ARBIL, Iraq – The George W. Bush administration and the Turkish government did their best to kiss and make up this week. After days of saber-rattling from Ankara over Kurdish domination in Kirkuk, U.S. Secretary of State Condoleezza Rice appeared shoulder to shoulder with her Turkish counterpart, Abdullah Gul, yesterday.
"Friends have differences from time to time," Rice told reporters, saying that Turkish-U.S. ties were fundamentally strong because they are based on common values of democracy and freedom.
For his part, Gul returned the favor. According to Turkey’s state-run Anadolu news agency, Gul told Rice he believed peace should be assured in Iraq, emphasizing that since the fall of Saddam’s regime, Turkey has kept its border with Iraq open and allowed Turkish lorry drivers to deliver goods to the Iraqi people.
Observers believe the fact that the border is open is very important to the economic health of the country. Because most of Iraq’s oil refineries are still not operating at their pre-war capacity, much of the country’s northern oil reserves are sent by pipeline to Ceyhan in Turkey where they are refined before being trucked back into Iraq.
If Turkey were to close the border and disrupt the flow of oil, Iraq’s economy could be paralyzed, especially since the country’s other major borders with Jordan, Syria, and Iran are far more dangerous than the Turkish one.
But while Turkey has thus far kept its border open, many truckers have refused to work. Six weeks ago, Turkish truckers launched a strike seeking higher wages and greater security. So far, a few have returned, but most continue to stay away.
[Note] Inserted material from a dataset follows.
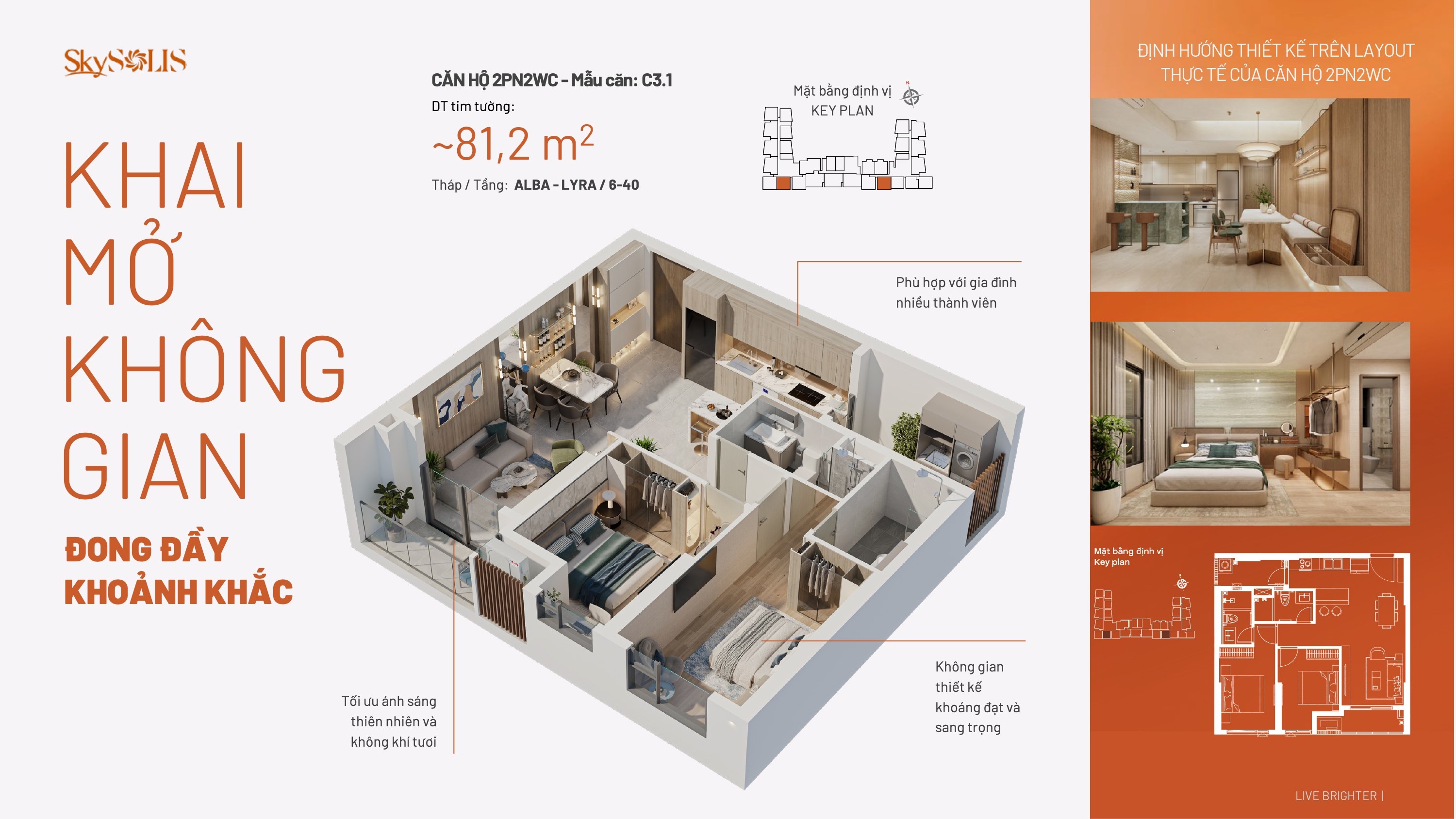 Căn hộ 2PN 81m2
"The fee for taking a trailer from Turkey to here is $500," says Mehmet Ozhan, one of the drivers who returned to his route. "If I could make a living doing something else I would, but I can’t."
Eighty Turks have been killed in Iraq during the country’s two-year occupation, most of them truckers. Some have been kidnapped. In August, driver Murat Yuce was shot in the back of the head by militants and a video was posted on the Internet.
Like many of the Turkish truckers, Ozhan is Kurdish, from the underdeveloped southeast of Anatolia. Most economic opportunities in the area relate to its proximity to the Iraqi border.
"I have sold my sheep and my farm and everything else I own to buy my truck. If I stop driving I will starve," he says.
Most truckers continue to stay away, however, and so kilometers-long lines have formed outside most of northern Iraq’s petrol stations. The official price of refined petrol has gone up 50 percent and drivers are increasingly forced to turn to the black market, a development that has pushed the government here to institute a policy of rationing.
"Our fuel stations are very, very busy and make it very difficult for people to receive their share," explains Siwan Abu-Bakr Aziz, Kurdistan’s general director of Petroleum and Minerals. "Now we follow a different system in order to control people’s access."
Now every resident of Northern Iraq is allowed one trip to the gas station where they can buy 40 liters of petrol a week, at a cost of about a penny a liter.
The country’s main refineries in northern Beiji, central Daura, and southern Basra process less than 500,000 barrels per day of crude oil, but Iraqi officials are in the midst of expanding the refinery infrastructure.
Oil ministry officials say there are plans for a 30,000-barrel-per-day refinery in Koysenja near the northern city of Suleiymania, and another in nearby Koya. In northern Mosul, an area of high insecurity, a refinery is planned to deal with crude reserves..
And in southern Nasriyah, a new 10,000-barrel-per-day refinery recently opened, with an even larger one planned for Najaf, a Shi’ite Muslim religious site.
Iraq currently spends $200 million per month on gas and other oil imports.